With regard to your fight back on the “chip on shoulder” argument. I have spoken to a number of people who know of you in Jersey and they more or less say the same thing, you just want Jersey’s finance industry to collapse. Its your only objective. Until people see you in a different light it will remain the case. You are now asking people to attend a talk you are doing in March. I wouldn’t hold your breath on that one. If people think you already have an inaccurate view of Jersey’s finance industry now, which you must admit, came across that way on Panorama, how can they take any further comments as legit?
Even if I was a politician I wouldn’t bother getting into discussion with the TJN, their information , especially when they come up with figure like $18,500 Million is just pie in the sky.

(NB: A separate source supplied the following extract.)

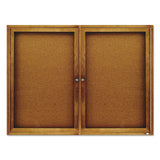 Enclosed Bulletin Board, Natural Cork-fiberboard, 48 X 36, Oak Frame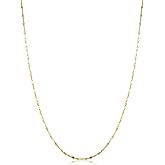 Kooljewelry Womens Mirror Link Chain - 14k Gold Filled Chain Necklace, 1.5mm, Spring Ring Clasp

Matt I doubt that rumour is true although I note Mr Christensen has not answered it !
This is only my second post to this site so please excuse if I cover old ground. However I would like to ask Mr Christensen (or Mr Murphy) if they believe that Guernsey or Jersey have made improvements to their systems in the past 10 years. I certainly hear the same things as Rupert has referred to above.
I would also like to ask why the EU gave an option to withhold tax if it was believed that this would be a sign of evasion ?
Thanking you
Henry
Dear Richard
May I make the following disclosures in response to various personal comments made on your blog.

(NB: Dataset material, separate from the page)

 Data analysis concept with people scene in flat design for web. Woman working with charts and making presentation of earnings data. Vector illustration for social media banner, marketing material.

1. I worked in the finance sector in Jersey between 1975 and 1977. I returned to the island in 1986 and worked in the finance sector throughout that year until September 1987, when I took up employment with the States of Jersey.
2. My brother Robert is employed as director of a trust company based in Saint Helier, Jersey.

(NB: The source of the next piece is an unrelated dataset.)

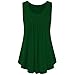 Produktbild OSYARD Damen Sommer Button Sleeveless Scoop Neck Shirts Falten Feste Tunika Tanktops(EU 46/XL, Grün)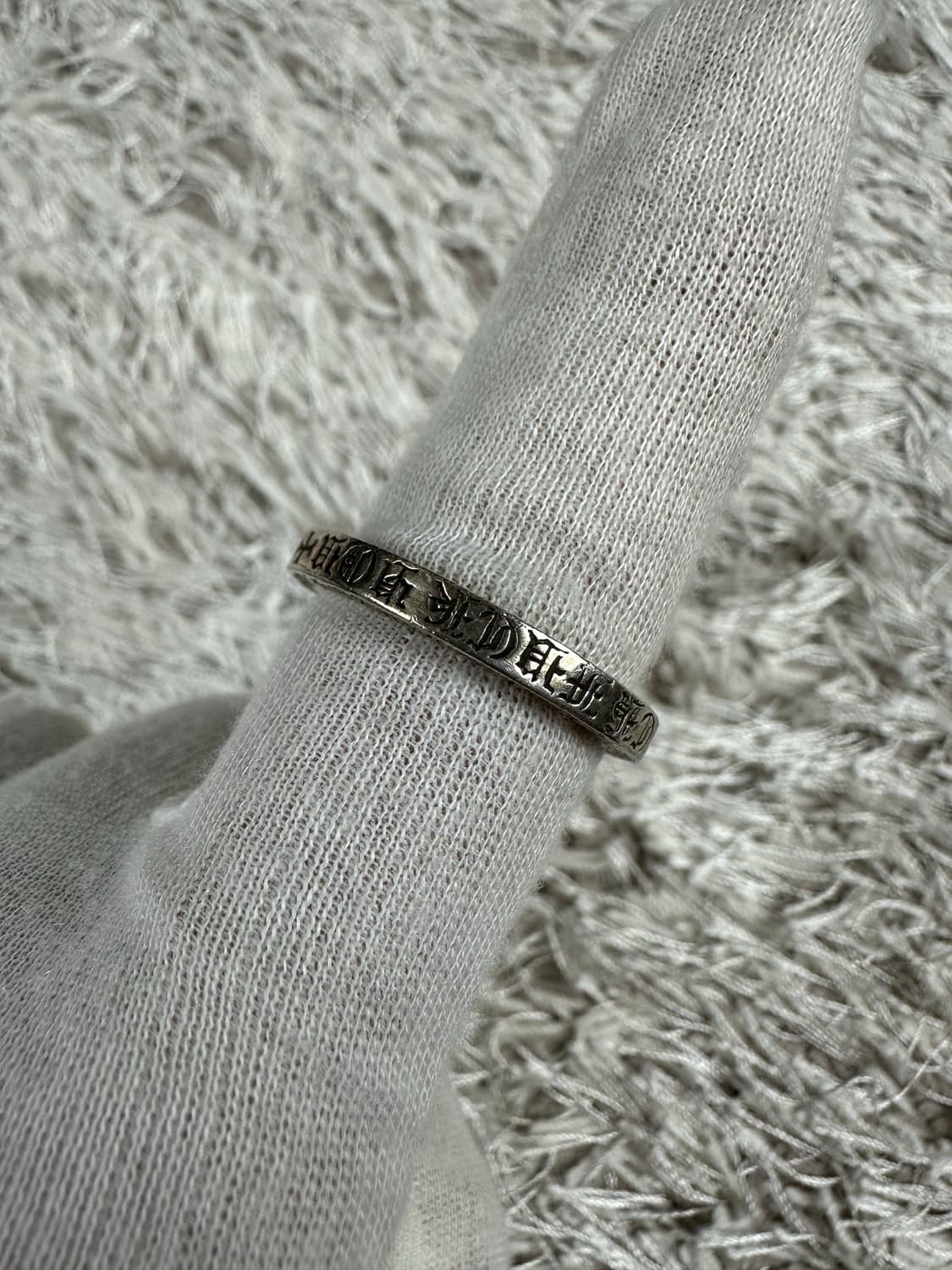 [US 11] 백화점판 정품 크롬하츠 퍽유링 3mm 상품이미지3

3. My brother Richard is employed as an auditor in Saint Helier, Jersey.
My views about the role of tax havens in the global economy are entirely my own and cannot be attributed to my siblings.
Those who choose to cast aspersions on my motives or my sanity are welcome to read the chapter I contributed to the book “A Game As Old As Empire” published by Berret-Koehler in 2007.
best wishes
John
Rupert
Delaware -http://taxjustice.blogspot.com/2008/11/obama-and-stop-tax-haven-abuse-act.html
UK -http://www.taxjustice.net/cms/upload/pdf/Red_Pepper_-_The_Tax_Avoiders_Chancellor_-_AUG-2006.pdf
Satisfied?
As for the reactions you suffer to what we say – try Schopenhauer:
Every truth passes through three stages before it is recognized. In the first it is ridiculed, in the second it is opposed, in the third it is regarded as self-evident.
http://www.famousquotesandauthors.com/authors/arthur_schopenhauer_quotes.html
You’re in stage one or 2. The 500 are in stage 3.
The reality is we aren’t personal at all. I have nothing against you whatsoever. I do oppose what you do. I do, in my opinion entirely correctly say Jersey has chosen to support tax evasion – a choice it did not need to make. The anger and personal reactions are all yours: you project the sentiments onto us. That is your problem, not ours. Perhaps deep down you know it is true that the truth hurts.
Richard
JTM
If Jersey politicians had any sense they’d take us head on.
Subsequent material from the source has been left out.